According to Sarah Litvinoff, author of The Relate Guide to Better Relationships, Samantha's story is typical of the way relationships can crack when the balance of power shifts. No wonder Lottery winners are always so miserable - they've realised too late that the brand new faux-Tudor mansion and fleet of sports cars don't go down well with mates who still drive Ford Fiestas. "The way the dynamic is altered in a relationship is an extreme experience - it's like being in a war or coping with the death of a spouse," says Litvinoff. "Your very foundations are shaken."
This is how it feels to be confronted with sudden fame - and the relationship fall-out is notorious. Celebs ditching their partners on making it big has long been an industry joke. Ralph Fiennes famously divorced the then- unknown Alex Kingston after 12 years together after being nominated for an Oscar for Schindler's List and embarking on an affair with Franscesca Annis. Kingston blamed their sudden inequality for the split. More recently, Ralph's brother Joseph, whose ex-girlfriend Sara - also an actor - supported him for years while he struggled with a codpiece at the RSC, has now been shunted in favour of the more successful Catherine McCormack. Paul Hogan's wife of 22 years got similar treatment when he left her for his Crocodile Dundee co-star Linda Kozlowski, but The X-Files' Gillian Anderson needed no such excuse, apparently spelling it out for the Sun last year. "I've outgrown my husband," she said bluntly. "He bores me."
While it's comforting to think celebs are more prone to such insouciance than the rest of us, the reality is different. A housewife might study for a degree and start to review her life, Educating Rita-like, with newly critical eyes. Or a bluecollar worker, married at 22, might find years later, as an executive, that he has nothing in common with his wife.

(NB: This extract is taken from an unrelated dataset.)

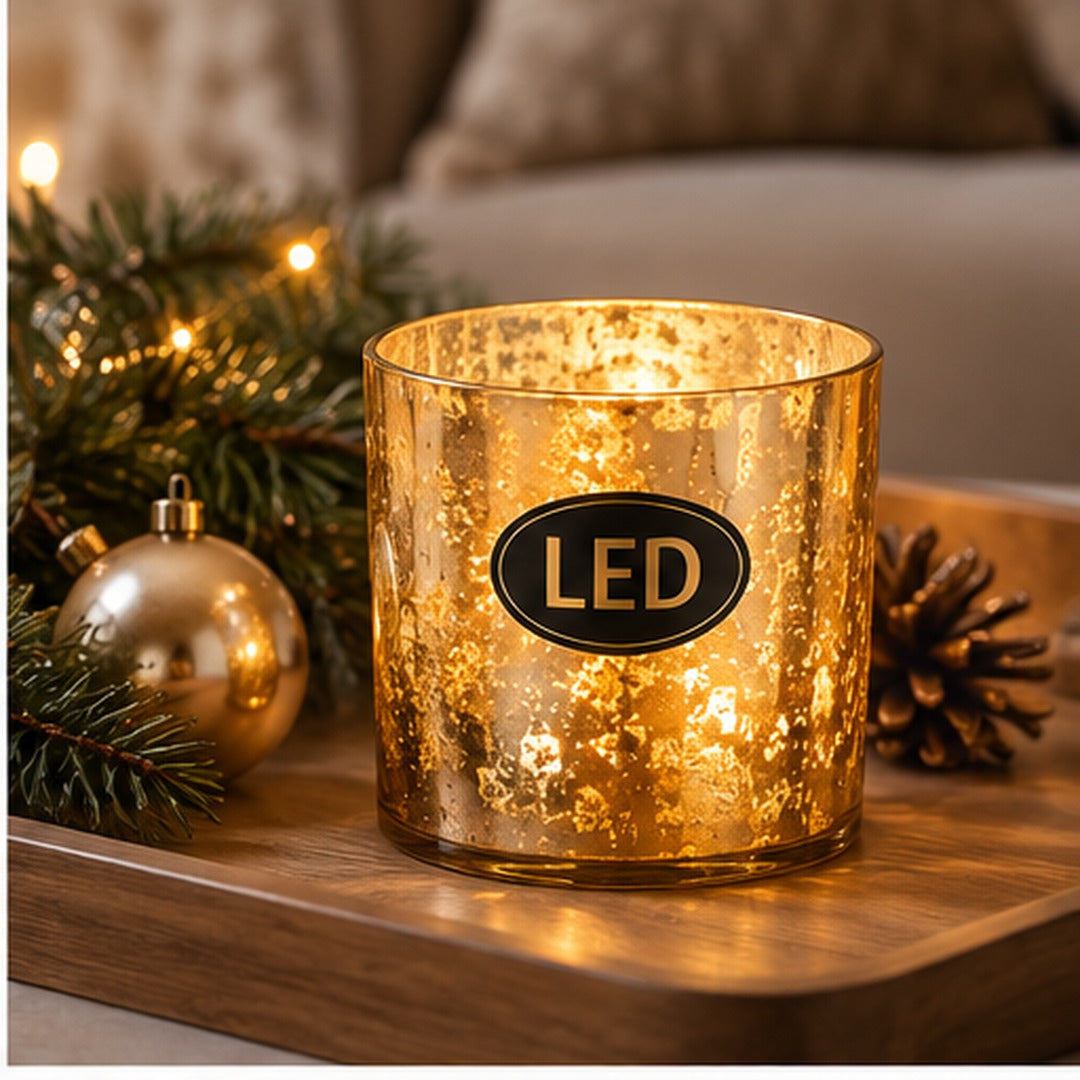 Flameless LED Glass Lantern with Real Wax Candle – Gold & Silver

The way to protect the dynamic of their relationship, according to Litvinoff, is to retain a currency to barter with. Sophie Rhys-Jones, for example, while not a member of the aristocracy, has spent long enough hanging out with the Queen Mum to be under no illusions about Royal life. To Edward, this is a highly prized commodity, as is his wife's career and independence. Similarly Wayne, Melinda Messenger's much-teased house-husband, has held his relationship together because, as Messenger's career has expanded, he provides a link to her past, which she still wants.
Baz Bamingboye, showbiz editor at the Daily Mail, who has spent years analysing relationships concurs. "The days of a Marilyn Monroe and Arthur Miller marrying are over," he says. "People are choosing from their own spheres. Sharon Stone's husband Phil Bronstein, a newspaper editor, isn't overly rich or famous, but they have similar backgrounds and philosophies. He's not intimidated by Sharon, so they're equal and have an understanding. I guess that's why it works."
A cautionary tale for ambitious would-be authors.